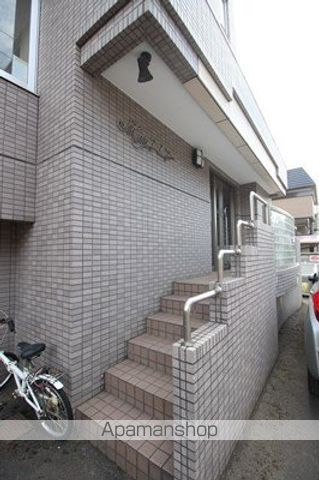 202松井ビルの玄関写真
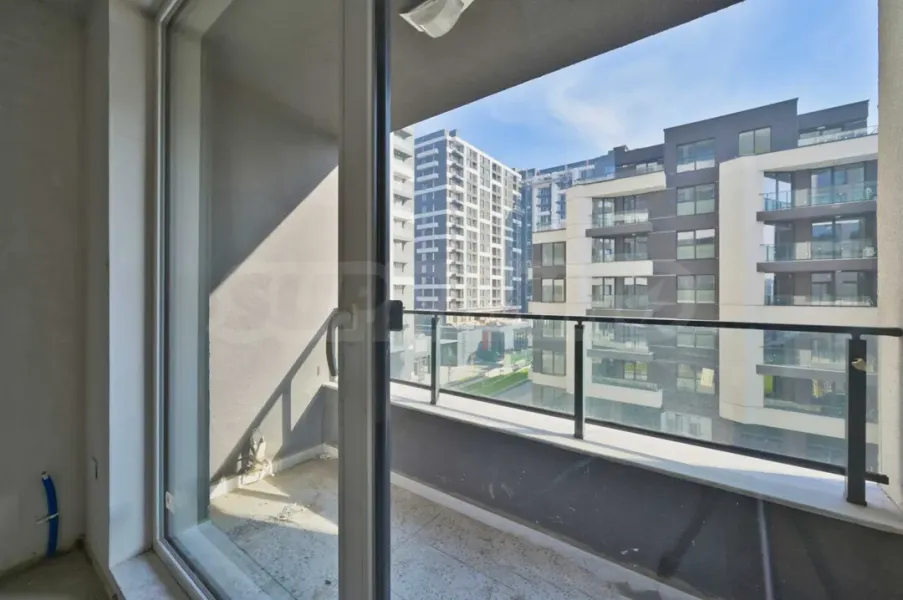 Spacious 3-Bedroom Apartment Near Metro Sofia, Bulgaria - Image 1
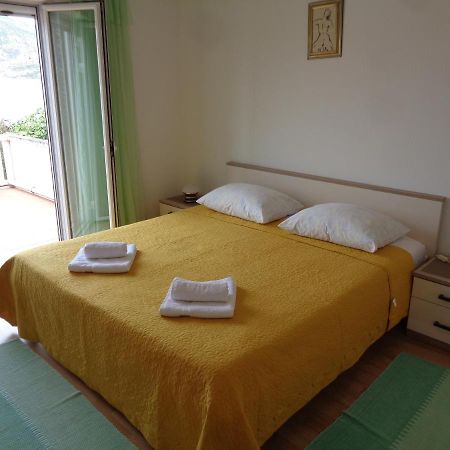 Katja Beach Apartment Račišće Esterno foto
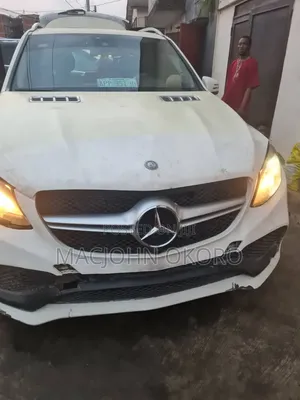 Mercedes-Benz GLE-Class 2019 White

* * *

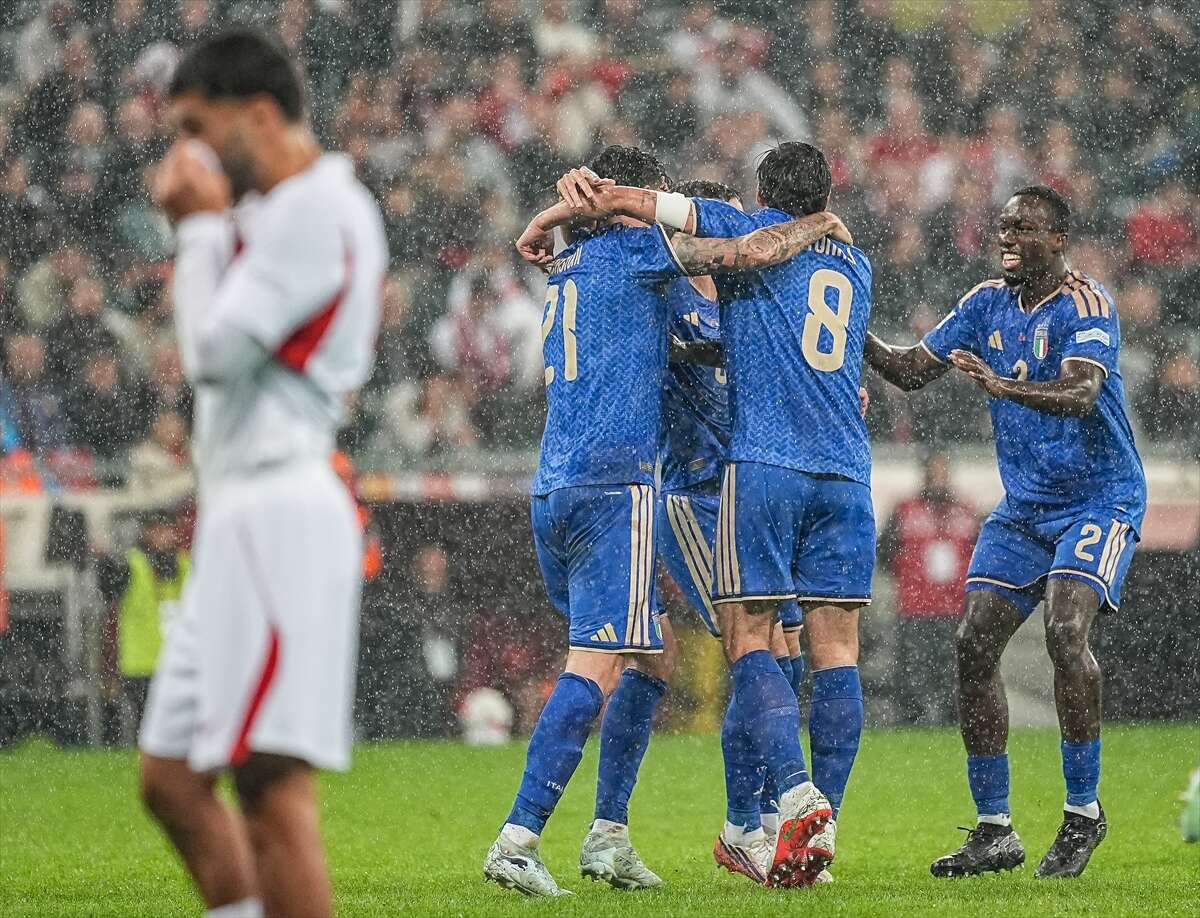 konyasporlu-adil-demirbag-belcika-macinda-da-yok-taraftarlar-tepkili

▸ What the exercise asks
Although pictures appear among the entries, please set down only the lines from the one with "Spacious 3-Bedroom Apartment" up to and including the one with "Mercedes-Benz GLE-Class 2019 White", word for word.

▸ Response for this exercise
 Spacious 3-Bedroom Apartment Near Metro Sofia, Bulgaria - Image 1
 Katja Beach Apartment Račišće Esterno foto
 Mercedes-Benz GLE-Class 2019 White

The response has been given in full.